This enables us to filter out information that is required to fulfill the business rule , for example in this instance we need to see the movies that were established in 2023



In [12]:
# Filter movies released in 2023
df_2023 = df[df['release_date'].str.startswith('2023')]


## Pandas Export to CSV
What we are now doing is that we are extracting the data from the API into pandas then to csv , We do this to prepare our data to be ingested in the Data Lake Big query.
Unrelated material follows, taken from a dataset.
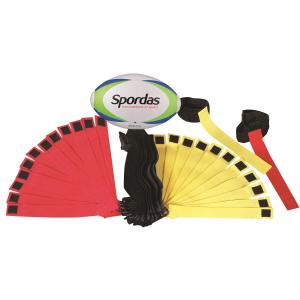 m594120-kit-di-scoperta-del-rugby-per-bambini-spordas-rosso-giallo-tu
In this cell we want to see the movies that were released in 2023 being stored in csv waiting to be moved to a scalable storage like Google Big Query.

In [13]:
import os

cur_path = os.getcwd()

file = 'movies_2023.csv'

file_path = os.path.join(cur_path,'data_files',file)

# Save DataFrame to CSV
df_2023.to_csv(file_path, index=False)

## Loading Data to Big Query
We are now loading data to big query using python , this is the start of the final step in the ETL process .We are looking at moving the movie_rating , movies and watchability data of the movies in the Big query.

In [14]:
from google.cloud import bigquery
import os

client = bigquery.Client(project='charming-autumn-407214')
target_table_1 = 'charming-autumn-407214.sample_dataset.movies_2023'

job_config = bigquery.LoadJobConfig(
    skip_leading_rows = 1,
    source_format = bigquery.SourceFormat.CSV,
    autodetect=True
)

# file vars
cur_path = os.getcwd()
file = 'movies_2023.csv'
file_path = os.path.join(cur_path,'data_files',file)

with open(file_path, 'rb') as source_file:
    load_job   = client.load_table_from_file(
        source_file,
        target_table_1,
        job_config=job_config

    )

load_job.result()

destination_table = client.get_table(target_table_1)

print(f"You have {destination_table.num_rows} rows in your table ")

You have 12 rows in your table